Call Made to 'Decolonise' Ealing School Curriculum


More anti-racist learning wanted due to underachievement of black Caribbean pupils

More anti-racist learning wanted due to underachievement of black Caribbean pupils
Picture: DFID

July 10, 2020

A drive to decolonise the curriculum and replace it with ‘anti-racist’ learning is underway in Ealing.

In a meeting between education union representatives and Ealing Council on Tuesday, June 30, the local authority’s director of learning, standards and school partnerships, Julie Lewis, also revealed a “huge amount” of work is being done to tackle the underachievement of black Caribbean students in the borough.

“We selected this issue because it is so entrenched and so significant, and because the barriers for black Caribbean children are so pervasive,” she said.

“However the learning coming out of this work, it’s very deep work, is of much wider and greater significance.”

According to national government data in 2019, black Caribbean students’ attainment was below the average for England in all subjects and at all key stages.

Ealing’s National Education Union District Secretary, Stefan Simms, said more than 300 members from across north west London branches virtually met to discuss “decolonising” the curriculum, with speakers including Brent Central MP Dawn Butler and Ealing Central and Acton MP Rupa Huq.

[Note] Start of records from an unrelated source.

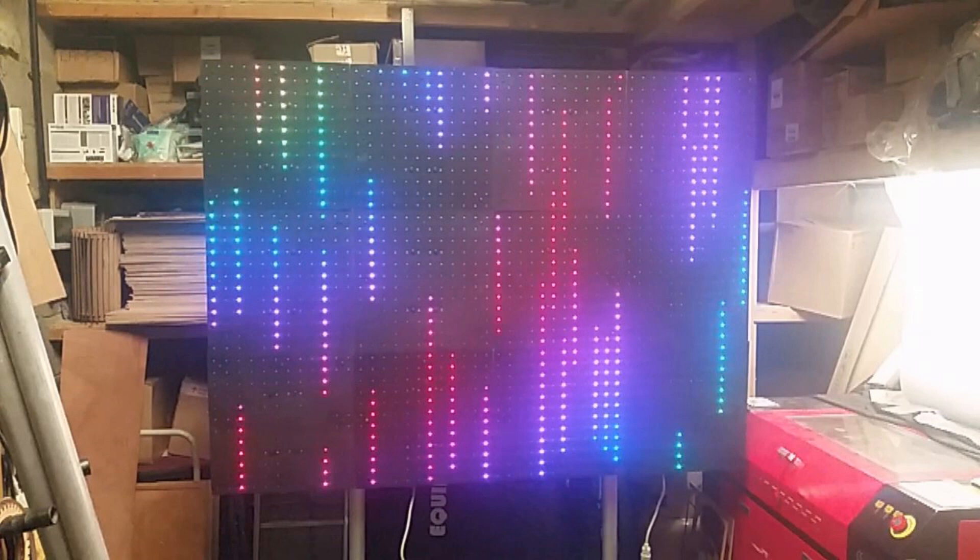This isn't going to be the greatest video in the world because I'm cobbling it together from photos and video clips I have on my mobile phone, but I'm hoping to give you a bit of an insight on how I made my own pixel panels. These are run via wireless ArtNet and are being controlled by an Arduino.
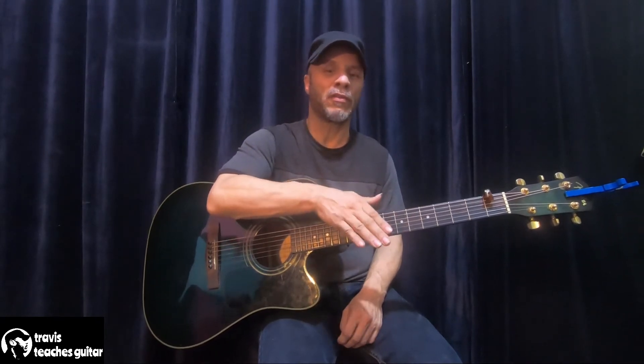This is Travis from Travis Teaches Guitar. Today I wanted to go over some of the differences between an acoustic and electric guitar, or even a nylon string guitar.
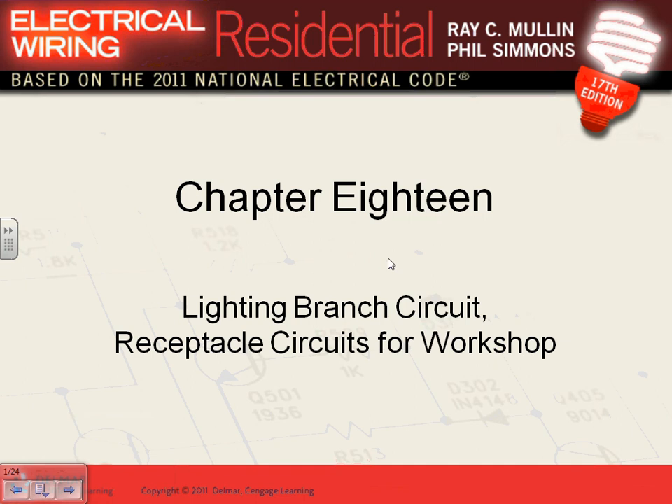Grab your book at Chapter 18 — lighting branch circuit for the workshop. We're going to be reviewing a lot of stuff as we go through, so this chapter is a quick review, not a whole lot in it.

He said, “There is an immense amount of enthusiasm and willingness to look at the curriculum and to ensure it is far more appropriate…. [Michael] Gove insisted that the English curriculum has a lot of dead white men in it, and yet whilst those suggestions are literally very good examples, there is a wealth of other authors and poets that can be studied that would be just as good, just as relevant, and perhaps more engaging for our population.”

Mr Simms also referred to one example of progress being made by one rep who set up a WhatsApp group now with more than 100 geography teachers, academics and professors looking how to make the subject anti-racist.

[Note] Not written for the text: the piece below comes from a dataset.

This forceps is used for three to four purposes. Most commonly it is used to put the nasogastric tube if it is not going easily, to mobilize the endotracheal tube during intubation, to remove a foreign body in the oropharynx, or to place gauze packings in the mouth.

He added: “With this abundance of good will looking at this, will Ealing and ELP work with the NEU in putting together a curriculum which has been decolonised and has got anti-racism threaded through all parts of the curriculum and not just having a Black History Month?”

A union rep at Twyford High School also revealed a letter had been received from 700 current and former pupils urging the school to “decolonise” the curriculum and support Black Lives Matter. He said a working group is being set up at the school for September and asked for a borough-wide initiative to begin.

Ms Lewis welcomed the steps from the unions and revealed the council is working with partners in Hackney and Brent on changing what youngsters learn in schools, including with unconscious bias and cultural competency training, and peer reviewing and interrogating the current curriculum.

She added: “What we did also find out from the secondary networks that we ran a couple of weeks ago, are very different levels of confidence, awareness and understanding about this whole agenda and there are definitely gaps in teacher training.

“There are gaps in university academic experience, there are teachers very, very well positioned to lead on this but also a huge number of teachers who have quite limited background and understanding.

“We’re very, very keen to bring everyone up to speed and continue to challenge each other.”

Councillor Charan Sharma added that inclusion cannot just be within citizenship or PHSE or politics lessons, but at “every level” of the curriculum and in schools.

She added: “It’s an uphill struggle, there’s a long way to go.”